Pandas Tidbits


Last semester and the beginning of this semester I picked up on some research work for my professor. Since the work involves heavy use of a somewhat large dataset I use Pandas quite frequently for manipulation of data.

During my last use of Pandas I was pulling my hair out attempting to do things that should be simple, especially with a library meant for dealing with this kind of data. Fortunately, some nice people on StackOverflow helped out and with some fiddling I solved my other issues. Anyways, onto the problems …

First is just an easy, more convenient way to create a frequency table based off a pair of columns from our parent dataset.

freq_table = pd.concat([df[a], df[b]]).value_counts().reset_index()
freq_table.columns = ['value', 'freq']

If you want the probability it’s just one step more:

freq_table.freq.divide(freq_table.freq.sum())
# or, for frequency squared
freq_table.freq.divide(freq_table.freq.sum()).apply(lambda x: pow(x, 2))

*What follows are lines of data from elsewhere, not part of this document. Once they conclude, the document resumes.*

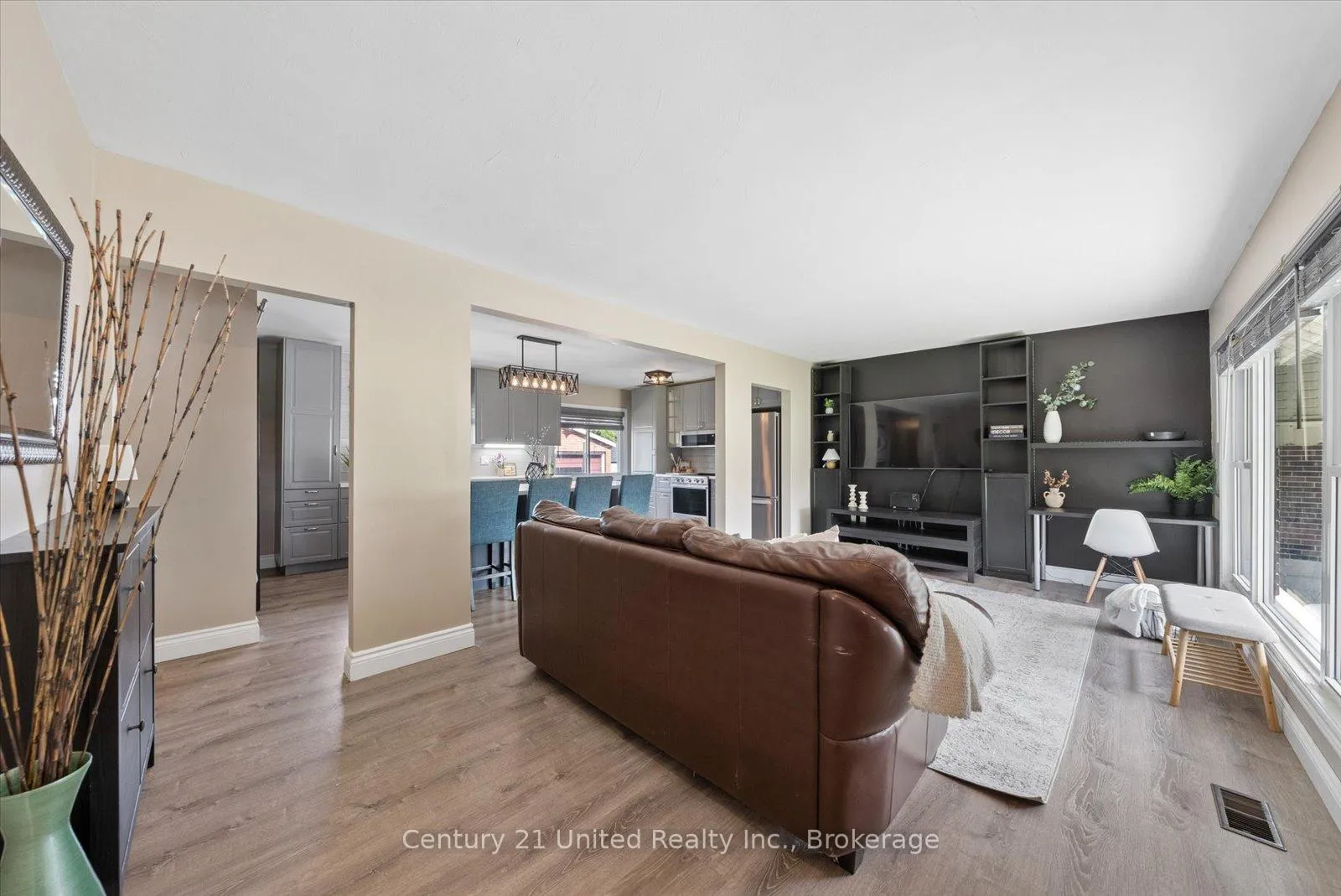 Photo 9 of 534 Robert Road, Peterborough, Otonabee Ward 1 — HOMEH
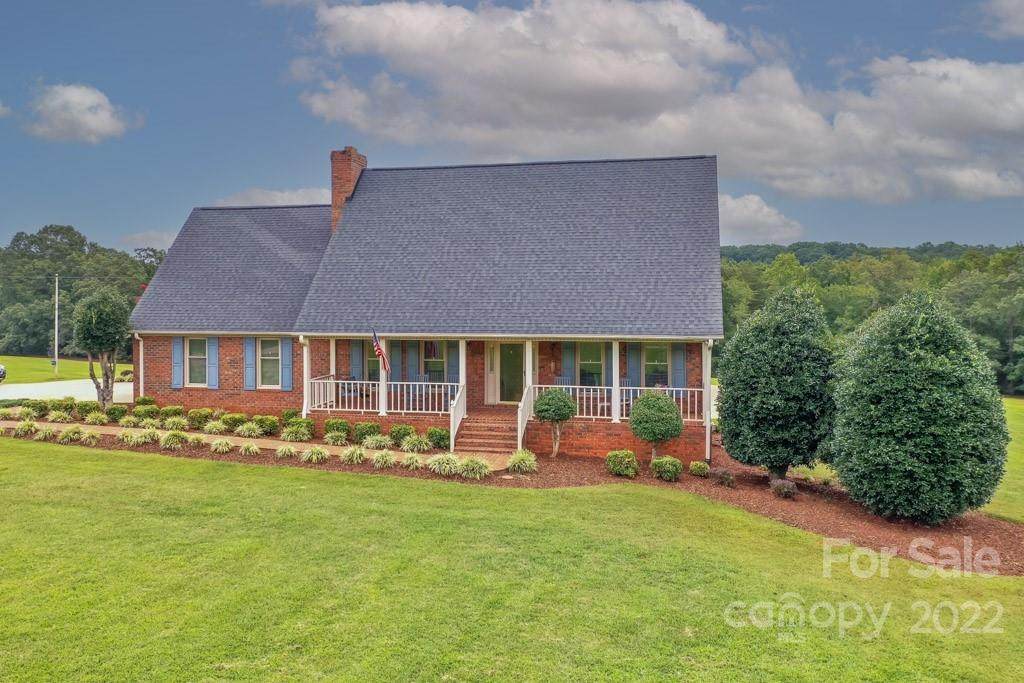 534 Buck Collins Road - Photo 1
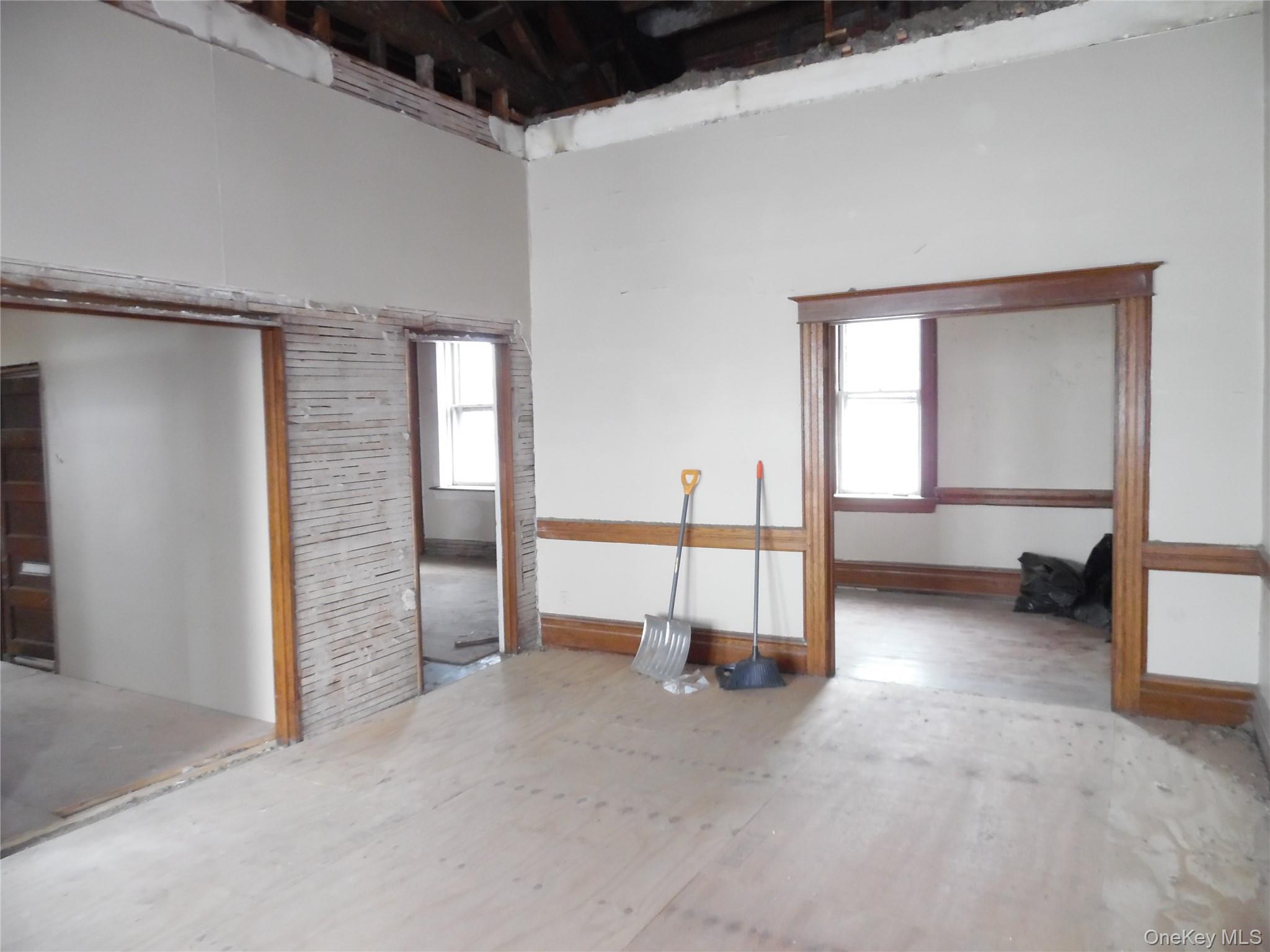 5 Bank St Property Photo 23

I needed to insert new blank (zero valued) rows between existing values in a table within a range. So, if the column I’m using has the range 2 through 23, but is missing half those values I need blank rows for 6, 9, 15, etc that are missing.

df.index = df.column_name
df.reindex(
    numpy.arange(
        df.column_name.min(),
        df.column_name.max() + 1
    ),
    fill_value=0
)

Last, but not least, this is just a convenient way to randomly sample any number of rows from a given dataframe:

df.ix[random.sample(df.index, n)]

Hope this helps some people out there.